Still, it's annoying. Is this a bug or will it never be supported (parameter substitution with embedded queries)?



Dennis Huo

unread,
Oct 31, 2016, 2:53:16 PM10/31/16
to Google Cloud Dataproc Discussions
By design, Dataproc's embedded queries are inteded to work the same as "pig -e" or "pig -execute", vs having queryFileUri being the same as "pig -f", since people may depend on various subtle differences in how Pig handles the two.

Unfortunately, this means we also inherit behavioral differences which may be seen as bugs, like in this case. I'd say it should be considered a bug in Pig, and that parameter substitution *ought* to work with inline queries the same way as they work with query files.

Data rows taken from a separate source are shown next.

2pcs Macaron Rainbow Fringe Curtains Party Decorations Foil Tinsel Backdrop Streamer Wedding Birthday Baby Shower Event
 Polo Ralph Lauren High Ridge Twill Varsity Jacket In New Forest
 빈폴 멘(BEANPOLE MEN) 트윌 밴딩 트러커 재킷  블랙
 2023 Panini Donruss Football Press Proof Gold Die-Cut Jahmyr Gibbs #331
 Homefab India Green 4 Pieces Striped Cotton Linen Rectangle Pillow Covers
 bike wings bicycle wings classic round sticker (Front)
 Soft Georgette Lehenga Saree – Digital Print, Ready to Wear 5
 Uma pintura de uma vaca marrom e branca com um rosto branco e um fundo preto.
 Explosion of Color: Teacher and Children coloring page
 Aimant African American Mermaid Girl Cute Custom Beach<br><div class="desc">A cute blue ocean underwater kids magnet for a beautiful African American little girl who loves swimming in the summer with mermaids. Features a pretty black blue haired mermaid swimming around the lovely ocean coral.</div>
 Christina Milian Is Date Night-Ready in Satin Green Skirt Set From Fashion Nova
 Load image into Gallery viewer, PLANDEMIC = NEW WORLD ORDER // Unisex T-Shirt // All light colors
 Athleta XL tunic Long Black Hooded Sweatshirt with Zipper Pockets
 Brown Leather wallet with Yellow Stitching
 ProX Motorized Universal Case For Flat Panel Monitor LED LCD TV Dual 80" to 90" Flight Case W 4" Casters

My lightweight repro which shows in both "gcloud dataproc" and in directly running pig:

# Fails
gcloud dataproc jobs submit pig --cluster dhuo-new --params filename=file:///etc/pig/conf/log4j.properties.template --execute "a = load '\${filename}'

# Works
echo "a = load '\${filename}'; dump a;" > test.pig; gcloud dataproc jobs submit pig --cluster dhuo-new --params filename=file:///etc/pig/conf/log4j.properties.template --file test.pig

Looking at the code, they only call runParamPreprocessor inside the "case FILE:" block, and there's no equivalent in the "case STRING:" block:


Possibly because the helper function seems to assume a file and does parameter substitution by creating a new substituted file, from what I can tell.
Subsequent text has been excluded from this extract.